As for the actual output of the turbines, it depends on who you talk to.
One tech firm, The Archimedes, has designed an urban solution to the problem with wind turbine noise, based on the real (Ancient Greek Mathmetician) Archimedes’ screw pump design. It looks a little wonky, but the 165 pound, 5-foot turbine is designed to eliminate blade noise—it lacks the traditional blades—while putting out an impressive energy yield. By impressive, I mean that this seems too good to be true. The company says its Liam F1 Urban Wind Turbine has an energy yield that is “80 percent of the maximum that’s possible.” According to gizmag.com, most conventional turbines produce between 25 to 50 percent, so take the promise with a grain of salt.

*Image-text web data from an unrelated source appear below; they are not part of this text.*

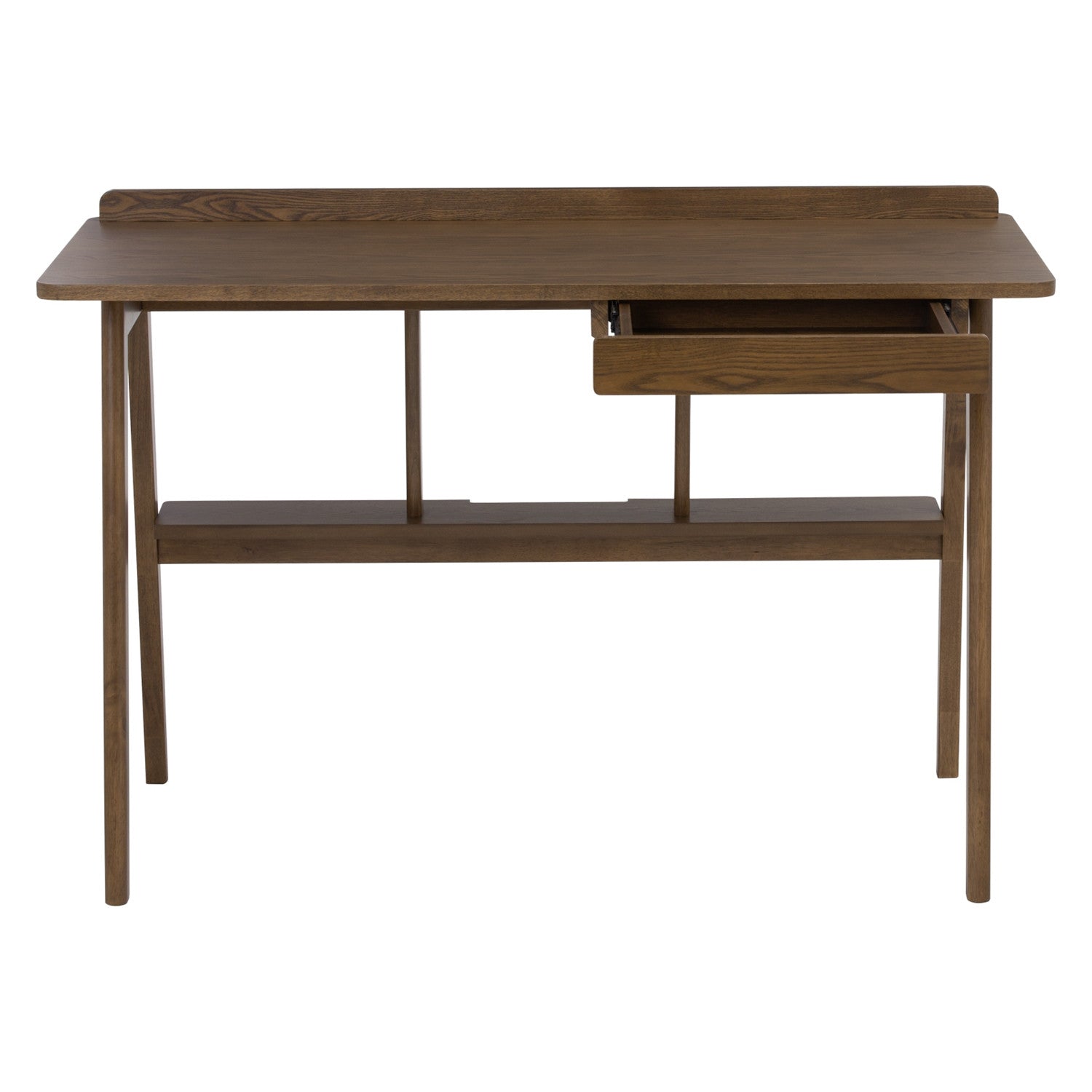 Colt 120cm Working Desk - Desk by yohauz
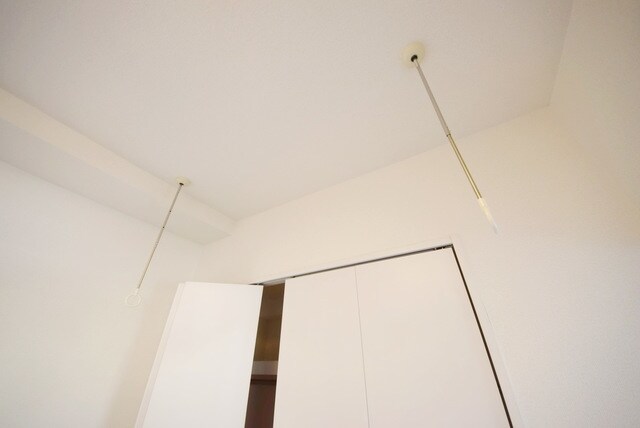 レオーネ金町の物件内観写真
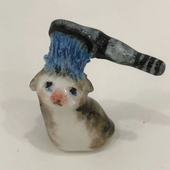 dionysain 的头像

The circular design means the turbine is able to swing to whichever way the wind is blowing, and that it produces much less noise than traditional blades. The company says the turbine is capable of producing an average of 1,500 kilo-watt hours of energy per year at a wind-speed of 5 m/s. The company asserts that equals about half of the power consumption of a common household. That being said, the U.S. Energy Information Administrationputs the average U.S. household consumption at 10, 837 kWh/year. Louisiana has the highest at 15,046 kWh and Maine had the lowest at 6,367 kWh. However, the global average is around 3,500 kWh, so that might be the number they’re using or the number might be based on a typical Dutch home in the Netherlands, where the company is based.
So to answer the question: This might shave off a chunk of your bill, but it’s not going to be half of it (unless you up and move). There are definite benefits to a roof turbine, but the numbers are a little off for the average U.S. household. The Liam F1 will hit the American market on July 1st with a price tag of just over $5,400.
It's important to note that the urban wind turbine isn't hugely popular in most of the United States with typically larger homes and high energy usuage. However, for an apartment in an urban setting it might actually eliminate quite a portion of the electric bill, given that the bill itself will be smaller than in a traditional house. The usage number broken down by dwelling-type don't exist--please send them along if you find any--so it will be interesting to see if this is a viable option for people living in cities.